Crystal Hill’s comments were of a similar vein.
“I think it’s beautifully crafted but seems like a ludicrous amount of money to spend on an object when the town really needs to be upgraded in other areas,” she said.
Dan Broughton of Carterton was more sympathetic with his comments on Neighbourly.co.nz.
“The Masterton design has already shown that it provokes discussion and polarises opinion, but that’s what art is for, right? These bring some real character to the towns, they inspire and lift people, brighten the high street and break up the general monotony of straight lines and square boxes with curves and a little contrast.”
The foundation hoped to begin installation of Ascension in May.
Several years ago the Aratoi Foundation pledged to help fund a prominent sculpture in each of Wairarapa’s towns. The first cab off the rank was Windgrass by Konstantin Dimopoulos in Featherston that was installed for $45,000 in 2012.
A five-metre tall $40,000 metal cabbage tree sculpture by Niko Thomsen was installed in Greytown last month, which received $5000 from the foundation.
$165,000 from Masterton Community Charitable Trust
$50,000 from Masterton Trust Lands Trust
$105,000 raised by the Aratoi Foundation from art sales, fundraisers and private donations
$8000-12,000 per year from Masterton District Council for lighting, insurance and maintenance.
Ray Southey was chairman of Masterton Licensing Charitable Trust proceeds committee that signed off the initial $150,000 grant. He was impressed with the plans when they were put before the committee almost two years ago.
“When it’s up it will be so spectacular that people will come to see the sculpture. I pushed very hard, I thought it would be great. A lot of people since have criticised it and they have criticised me, but once it’s up I think they will change their minds.”

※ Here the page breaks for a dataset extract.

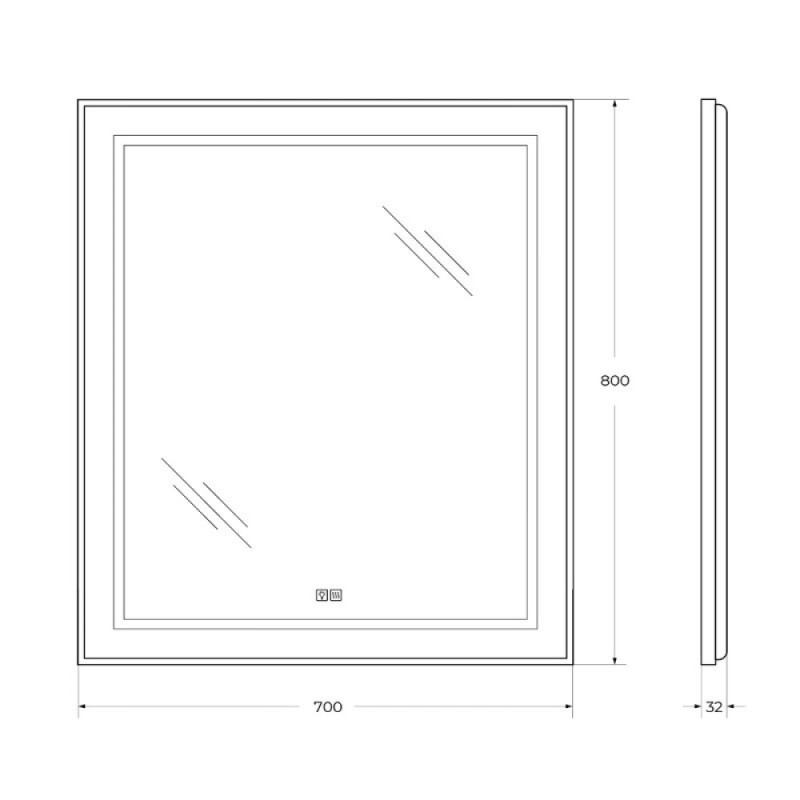 Зеркало BelBagno Kraft SPC-KRAFT-700-800-LED-TCH-WARM-NERO, 70 х 80 см, со встроенной подсветкой и подогревом, черный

Christine Brewster was chairwoman of the MTLT grants committee when the decision was made to support the project. The trust is bound by law to support arts, culture and education and she said that it has been setting aside money over several years to go towards a major art project and this initiative fit the bill.
THE COST OF PUBLIC ART
A stainless steel replacement for Neil Dawson’s aluminium Ferns sculpture in Civic Square, Wellington, would cost $210,000.

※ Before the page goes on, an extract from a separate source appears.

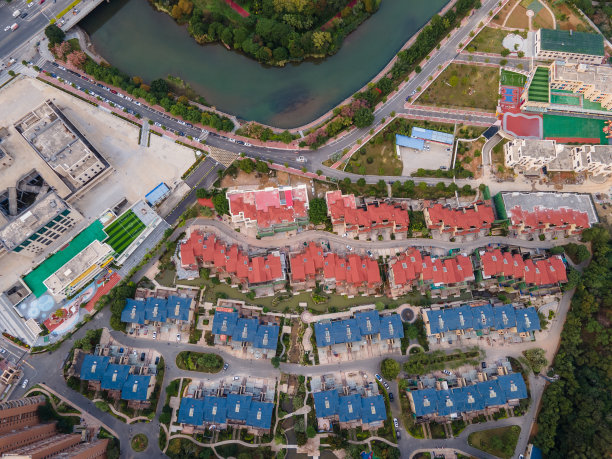 城市别墅俯视图图片下载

A military sculpture marking the 100th anniversary of the opening of the Featherston Military Training Camp will cost about $650,000.

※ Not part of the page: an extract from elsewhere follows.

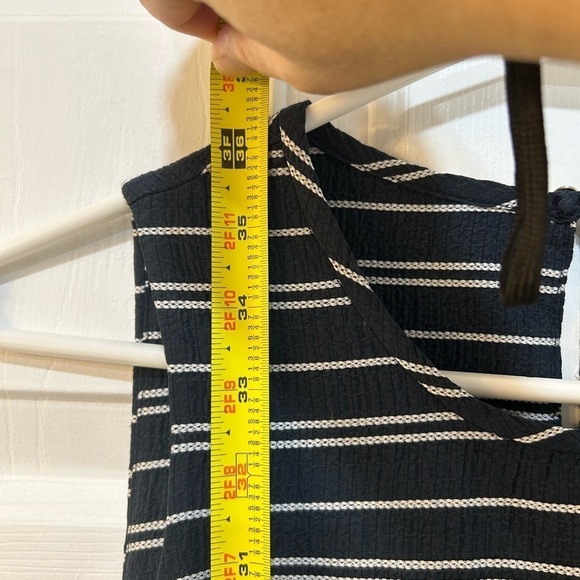 TOMMY HILFIGER Navy Dress Textured Keyhole Back Button Closure Striped Size 4 - Picture 7 of 8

Wellington’s Zephyrometer on Evans Bay Parade cost about $150,000 when it was first installed at Evans Bay in 2003.
A John Walker bronze statue in Manurewa, Auckland, is estimated to cost about $160,000.
Konstantin Dimopoulos’ Windgrass scultpure in Featherston was $45,000 in 2012.
Niko Thomsen’s 5-metre steel cabbage tree unveiled last month in Greytown was $40,000.